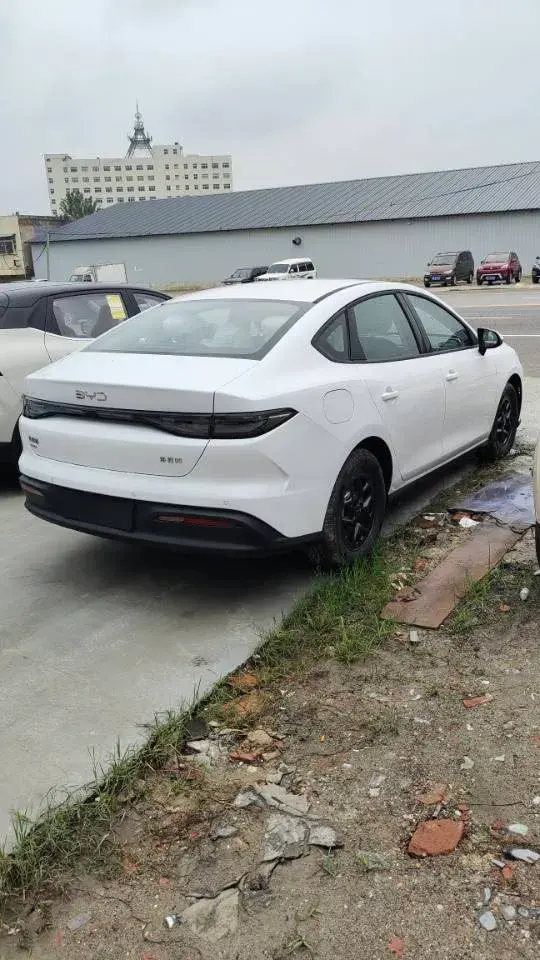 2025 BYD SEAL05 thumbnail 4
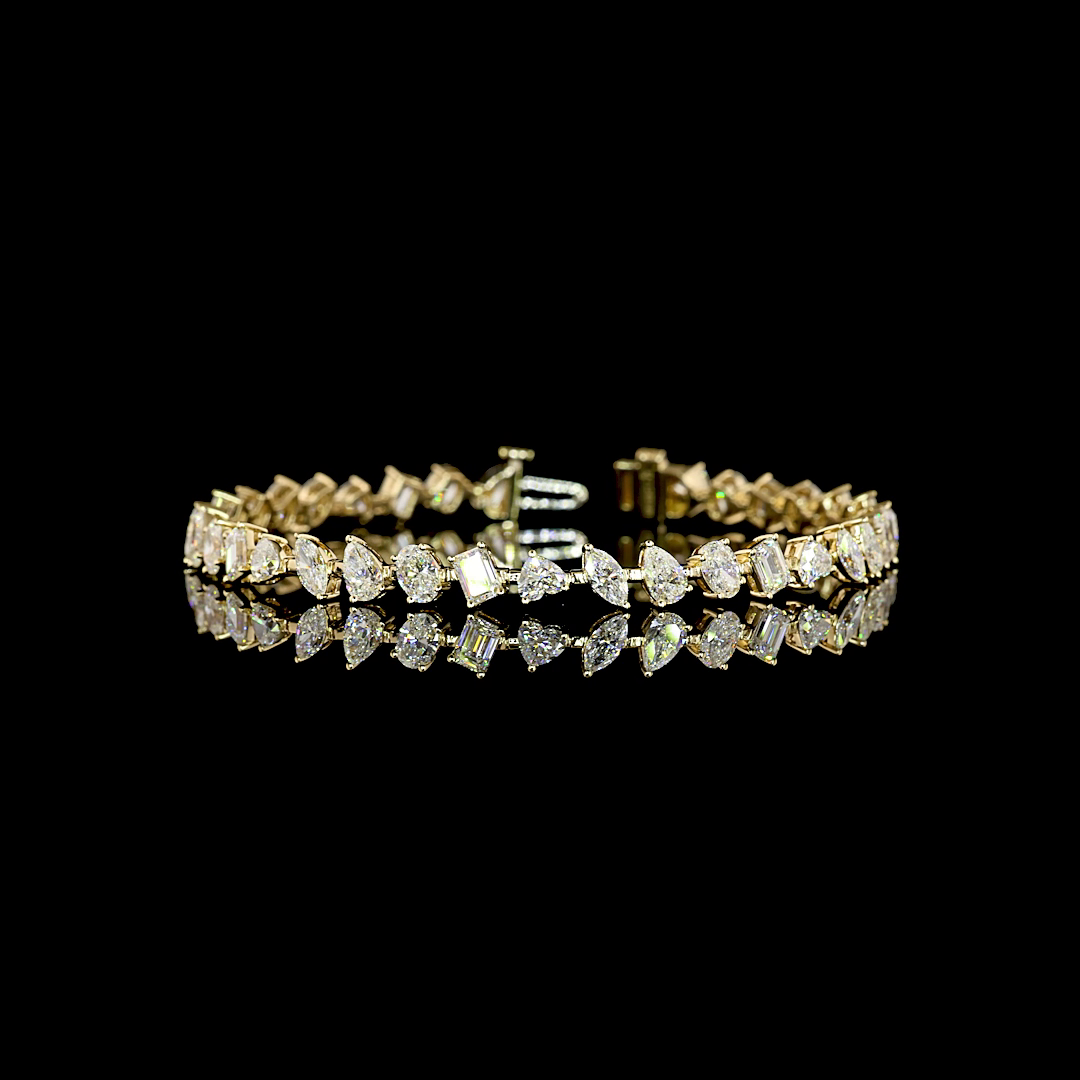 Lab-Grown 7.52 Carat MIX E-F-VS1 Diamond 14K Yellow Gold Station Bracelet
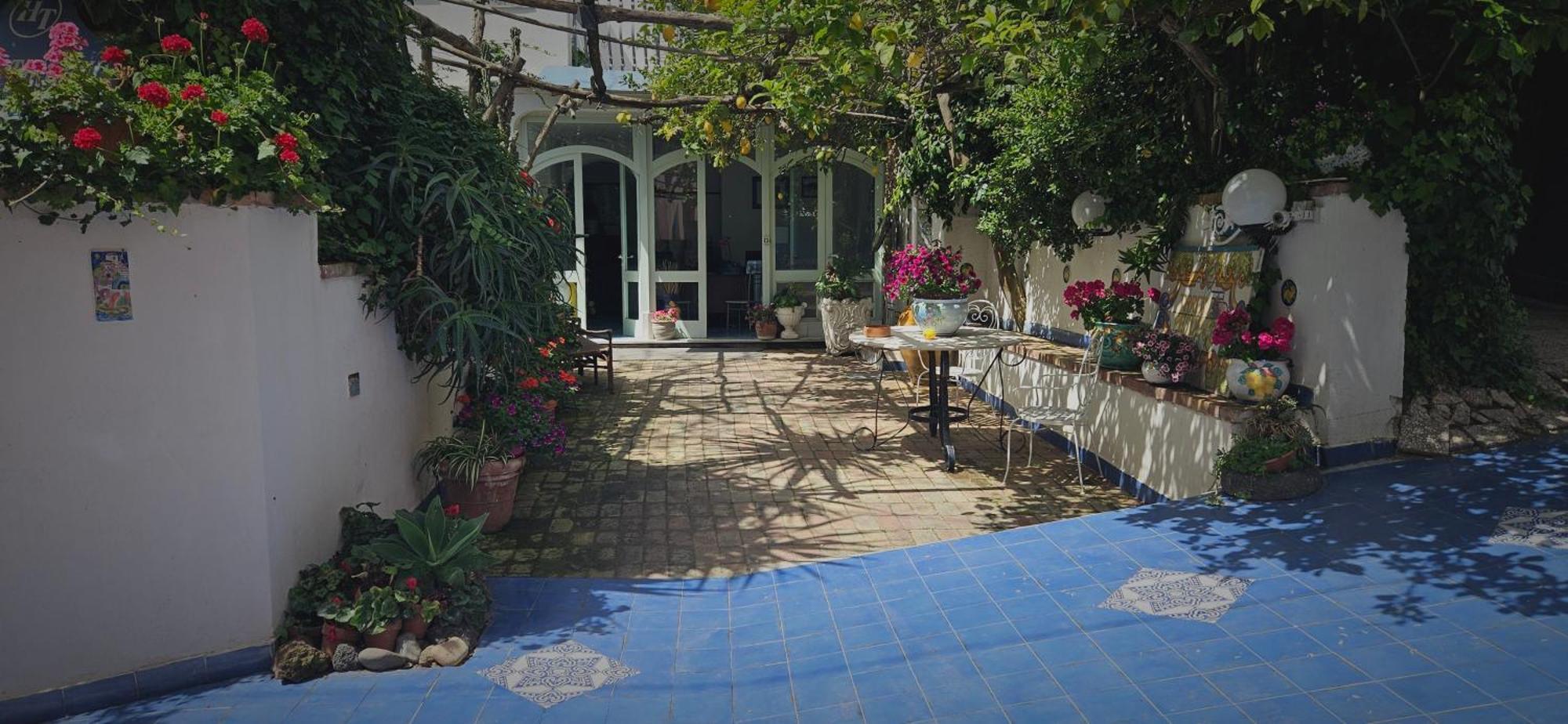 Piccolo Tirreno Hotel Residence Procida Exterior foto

§ **Description of the task**: Write out every line above exactly, minus images.

§ **Reply to the exercise**:
 2025 BYD SEAL05 thumbnail 4
 Lab-Grown 7.52 Carat MIX E-F-VS1 Diamond 14K Yellow Gold Station Bracelet
 Piccolo Tirreno Hotel Residence Procida Exterior foto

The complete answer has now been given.